Zmarła była więźniarka Auschwitz Kazimiera Krzak
Miała 83 lata. W poniedziałek spocznie na cmentarzu w Oświęcimiu.
2011-10-09, 06:25
Ostatnie lata oświęcimianka spędziła obłożnie chora w zakładzie opiekuńczo-leczniczym prowadzonym przez siostry serafitki.
Zobacz galerię: DZIEŃ NA ZDJĘCIACH>>>
Kazimiera Krzak urodziła się 16 lipca 1928 roku w Brzezince koło Oświęcimia. W 1943 roku - za karę, że zgubiła niemiecką przepustkę - trafiła do Auschwitz. Po wkroczeniu 27 stycznia 1945 roku wojsk sowieckich wróciła do domu.
"Siostrzyczka"
Dzień później wróciła do obozu z sąsiadką i jej synem. Na terenie obozu cygańskiego w Auschwitz II - Birkenau znalazły dzieci skupione wokół przestraszonej blokowej. Wypatrzyła siedmioletnią dziewczynkę, która mówiła po polsku. Była to Żydówka Lusia Kałuszyner (Pnina Segal). Krzak zabrała ją do domu.
Po kilku miesiącach po dziecko zgłosiła się matka, która cudem przeżyła wojnę. Lusia z matką wyjechały do Izraela. Wiele lat później Lusia przyjechała do Oświęcimia z grupą młodzieży i odnalazła swą opiekunkę. Na kanwie tej historii w ubiegłym roku powstał film dokumentalny "Siostrzyczka".

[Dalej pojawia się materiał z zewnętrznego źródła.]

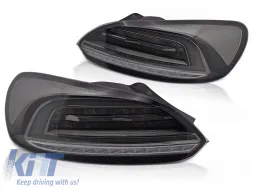 image-50-LED-Rücklichtsatz geeignet für Volkswagen Scirocco 2008-2014, mit rauchiger Basis, links und rechts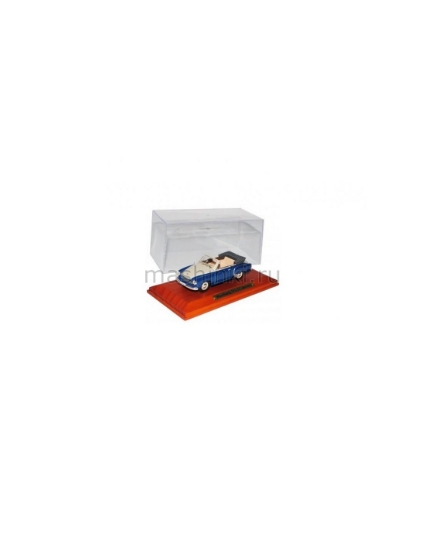 Изображение ATLAS 1/43 WARTBURG 311-2 Cabriolet 1958 blue/beige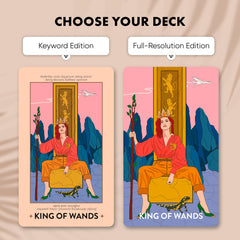 Wyspell deck in a stylish box ready for beginners and enthusiasts.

- Wiadomość o śmierci Kazimiery Krzak bardzo mnie zasmuciła. Kazia odeszła w dniu, kiedy w Izraelu obchodzimy święto Jom Kippur, dzień pojednania. Myślałam, że niebawem się zobaczymy. Będzie mi jej bardzo brakowało - powiedziała Lusia Kałuszyner.
Za szczególną postawę w czasie II wojny światowej prezydent Lech Kaczyński odznaczył Kazimierę Krzak Krzyżem Kawalerskim Orderu Odrodzenia Polski.